Should Manchester United Turn Jonny Evans' Short-Term Deal Into A Permanent One?

The 35-year-old is a Manchester United player once more. But for how long?
13:00, 20 Jul 2023

Jonny Evans is a Manchester United player. That isn’t a sentence I expected to type this summer and I’m sure it isn’t one you expected to read. But, by virtue of a short-term deal covering a portion of the Red Devils’ preseason games, it is true. The defender has already played his first match back, an accomplished second-half display in a 1-0 over Lyon at Murrayfield in Edinburgh.

The 35-year-old left Leicester City at the end of the season upon the expiry of his contract. Evans initially pitched up at Carrington upon the club’s invitation in order to keep his fitness levels up. But the Northern Ireland international impressed coaches and, with numbers short for preseason ties against Lyon and Wrexham, Evans put pen to paper.

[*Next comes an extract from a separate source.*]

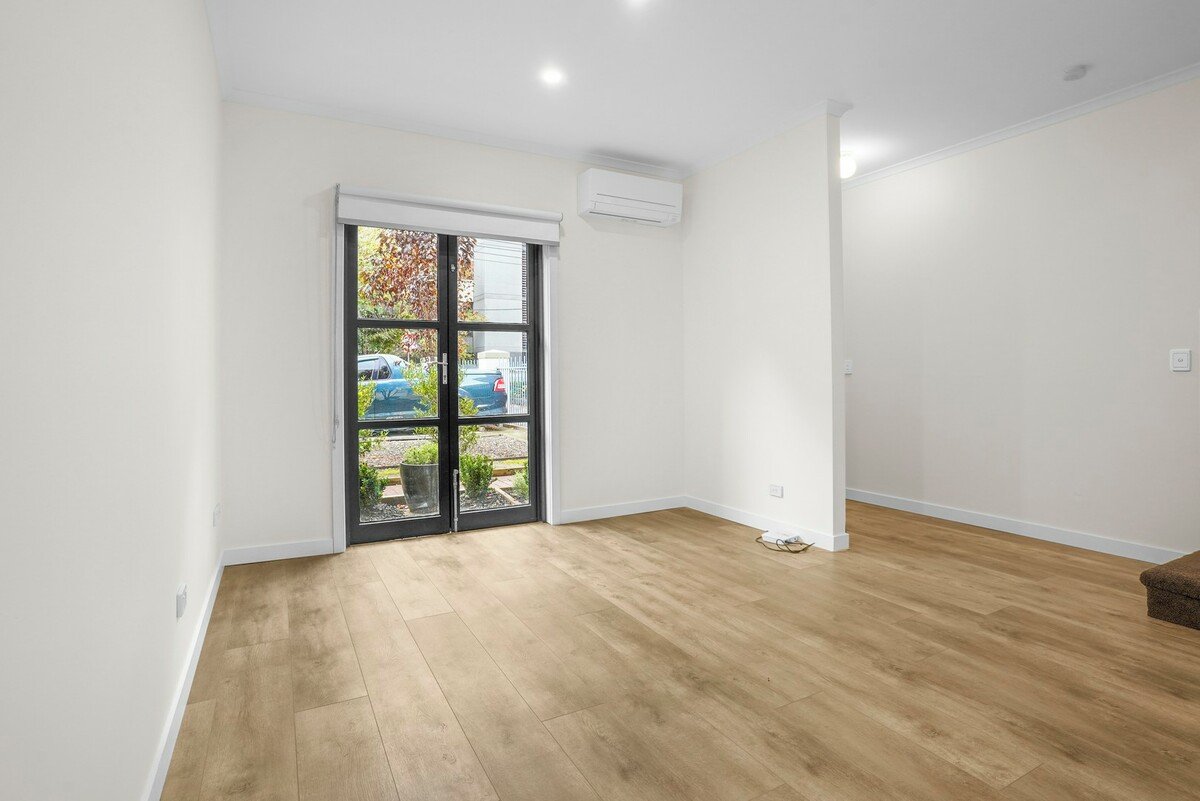1 / 242 Punt Road Prahran - Residential for lease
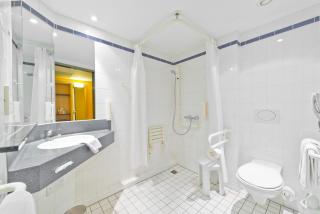Holiday Inn Express Frankfurt Airport by IHG - Mörfelden-Walldorf - 9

This could end up as simply an interesting footnote in United and Evans’ shared history. The deal does smack of supply and demand. Evans needs minutes in his legs to secure a summer transfer. United needed an experienced defender to bolster a young preseason squad still awaiting the return of some of its internationals. There is every chance the two entities part as friends after the Wrexham game. This transfer will exist only as a nostalgia hit for attendees of the friendlies featuring Evans.

But naturally in the ever-churning football news-grinder, there is speculation this could turn into something more. Fans would have reacted with scorn if you’d told them a month ago they’d sign Jonny Evans during the summer window. But now, perhaps seduced by seeing a figure from a more glorious past back in the red shirt, supporters seem more amenable. 

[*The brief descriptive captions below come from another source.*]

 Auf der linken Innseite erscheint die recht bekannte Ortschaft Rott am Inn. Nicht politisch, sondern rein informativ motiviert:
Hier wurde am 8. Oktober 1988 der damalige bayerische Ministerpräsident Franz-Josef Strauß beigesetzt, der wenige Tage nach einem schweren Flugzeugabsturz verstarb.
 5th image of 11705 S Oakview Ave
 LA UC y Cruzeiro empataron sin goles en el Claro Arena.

So what form could a more permanent Evans comeback take? The logical choice would be the sort of hybrid role United have been using veteran players in recently. Ex-Red Paul McShane played for what was United’s under-23 side while also working with the youngsters as a coach. The club have just extended former Tottenham Hotspur midfielder Tom Huddlestone’s contract to work with the under-21 team in the same capacity.

Evans would fit this role well as someone who emerged from that very same youth system to enjoy a decorated career. Having played 198 games for United he went on to have excellent spells with West Bromwich Albion and Leicester City. Someone of Evans’ experience could speak to both sides of the coin for a young player. Some will figure in a major role for the first team, others will have to look elsewhere for playing time. The Irishman is someone who has done both.


Huddlestone’s involvement is possibly a barrier to such a role. Evans’ own playing ambitions would also probably render the arrangement unworkable. The fact he even sought out United to keep his fitness up indicates he wishes to continue playing first team football somewhere. With that in mind, could United actually be the place he plays that football?

Evans would not be an automatic starter if he were to sign on with the Red Devils on a lengthier basis. Raphael Varane and Lisandro Martinez are manager Erik ten Hag’s first-choice pairing. Victor Lindelof is first reserve in terms of a deputy. Putting aside the moonlighting Luke Shaw who sometimes slots in as the left-sided centre back, Harry Maguire is next in line. Having lost his place in the starting lineup and the captaincy, the England man leaving would be no surprise. United have been open about the fact they need to sell to buy this summer and Maguire is a player who would command a fee. 

Would this open the door for Evans? Quite possibly. Thiago Silva has shown the value of having a veteran centre half on your books at Chelsea. Admittedly the Brazil international has operated at a higher level than Evans, but at 38 he has shown age no barrier. Nobody is expecting a player who appeared 13 times for Leicester last year to come in and start every week. But could Evans’ experience and quality be useful?

Evans does fulfil a role in terms of bringing title-winning nous to the group. With David De Gea’s departure, United lost the last player at the club to have won a Premier League title at Old Trafford. Veteran goalkeeper Tom Heaton had been part of championship-winning squads but hadn’t actually played any games in those triumphs under Sir Alex Ferguson. Evans offers first-hand experience of what it’s like to lift the big one at Manchester United.

How much difference does that make at a club though? United have a World Cup winner in Martinez and Champions League medals aplenty between Varane and Casemiro. Do Evans’ distant days of lifting league titles add that much? It does feel that bringing him on board might be more of an emotional decision than anything.

This club has experience of such decisions in recent years. Ole Gunnar Solskjaer did a creditable job as manager, reaching a Europa League final and sealing a runners-up spot for the Red Devils. But it is fair to say he wouldn’t have been handed the top job at any other club of United’s ambitions. That much is clear from the fact he hasn’t worked since. 

Ten Hag needs to ask himself if he would sign a 35 year old centre back with Evans’ abilities who didn’t have that compelling club connection. He knows United, for sure. But so does Rashford, who has played in the famous red shirt since childhood. He offers experience but so does talismanic midfielder Casemiro. Does Jonny Evans bring anything United’s diverse squad doesn’t already boast?

Signing Evans is low-risk in many ways and he would fill a homegrown slot on the squad sheet. But is he still a Manchester United centre back, eight years after his last competitive appearance for the club? Despite the enticing rose-tint through which the move is being viewed, probably not. This short-term deal is a fun, preseason distraction but it should probably stay that way.